Following four years of decreasing enrollment, K-5 experienced a small increase in enrollment. K-5 has very stable enrollment over the eight buildings. As I stated, lower grades are less reliable and the kindergarten enrollment needs to be monitored. Back in 2012-13, I was concerned about the growth at Fischer and Emerson. Both north side buildings have experienced steady decreases with Emerson down by 100 students since then. Field is projected to increase, but that enrollment growth has not started taking place yet. Hawthorne has decreased by about 100 students in the last five years. Jackson has experienced three large kindergarten classes in a row (69, 67, and 73) compared to projections in low 50’s. Jackson is projected to exceed 500 students in 2019-20.

 

District 205 has larger classes (a bubble) in grades 7, 8, 9 and 11. This resulted in a peak enrollment in the middle schools in 2015-16. Both Churchville and Sandburg are projected to start decreasing over the next five years. Enrollment at Bryan is projected to continue to grow with slight increases. Bryan is projected to be the largest of the three middle schools starting next year. This bubble is projected to result in enrollment growth at York over the next three years with a peak in 2019-20 at 2,900 students.

 

Finance Committee Update

 

The Finance Committee met on October 18; minutes from that meeting are posted here. Topics of discussion included:

  • September 2016 Monthly Financial Report
  • Long Term Capital Maintenance
  • Summer 2017 Projects
  • Purchasing Options for Electricity
  • Updates

Chris Blum reported that the State of Illinois has fallen one more payment behind and asked Mr. Whelton to elaborate.
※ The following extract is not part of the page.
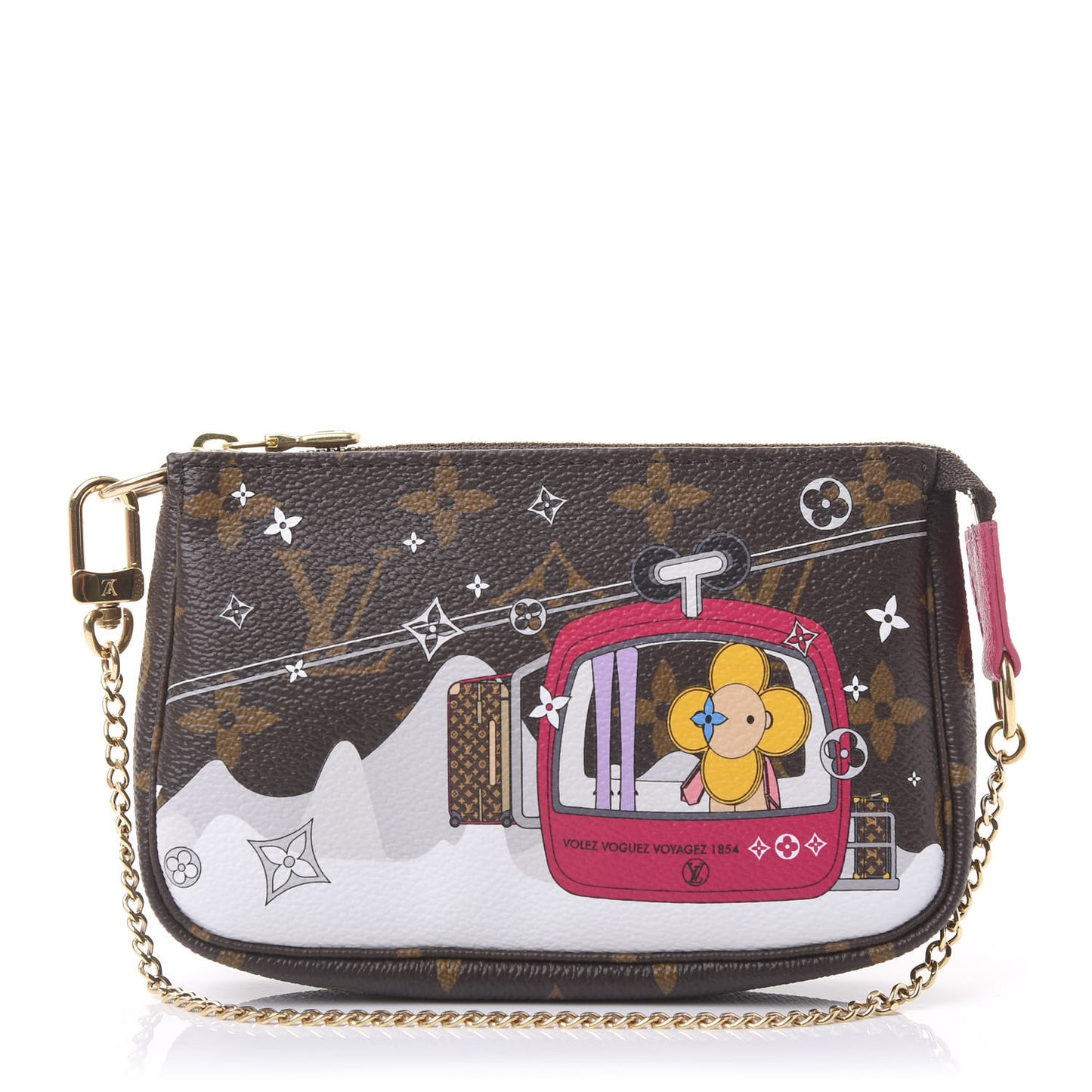 Monogram 2019 Christmas Animation Mini Courchevel Pochette Accessories Fuchsia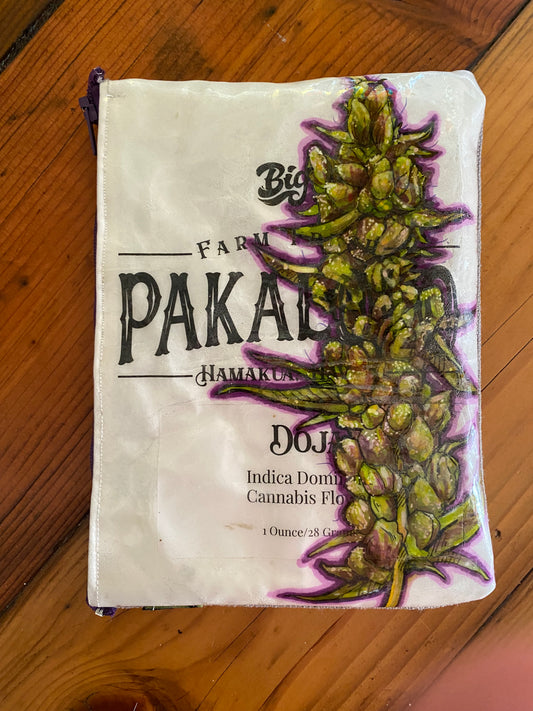 Doja Hand drawn Upcycled Cannabis Art Pouch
“As of today, District 205 has not received the June or September quarterly categorical payments, each of which is about $1.2 million. Still, the budget is currently on track,” said Mr. Whelton.

The roof of York High School’s academic building is scheduled for replacement as part of the summer maintenance list for 2017, which will cost $1.2 million. “We will have to move money into the capital funds, since the City has chosen not to fulfill its promise of releasing $1.3 million in surplus funds from TIF 1 to cover last summer’s maintenance projects, as we were lead to believe they would,” said Mr. Blum.

 

SUPERINTENDENT’S AGENDA - CONSENT

The Board voted unanimously to approve the following consent agenda items:

  • Personnel Report
  • Financial Reports
  • JMP Consulting, Ltd. Proposal for Executive Coaching Services

SUPERINTENDENT’S AGENDA – ACTION ITEMS

The Board voted unanimously to approve the following action agenda items, one at a time:

  • Organizational Goals
  • Administrative Reorganization Proposal
  • Resolution Regarding the Estimated Amounts Necessary to be Levied for the Year 2016
  • Medical and Dental Insurance Contract
  • English Language Arts Instructional Materials – have been on display for 30 days
  • Donation (Churchville) – PTA has agreed to donate a digital sign inside the building to welcome and direct visitors and for posting daily information, not to exceed $4,700

Margaret Harrell thanked the PTA for their generous donation. Karen Stuefen commented that she thought the idea of using this digital sign to showcase student work was fabulous.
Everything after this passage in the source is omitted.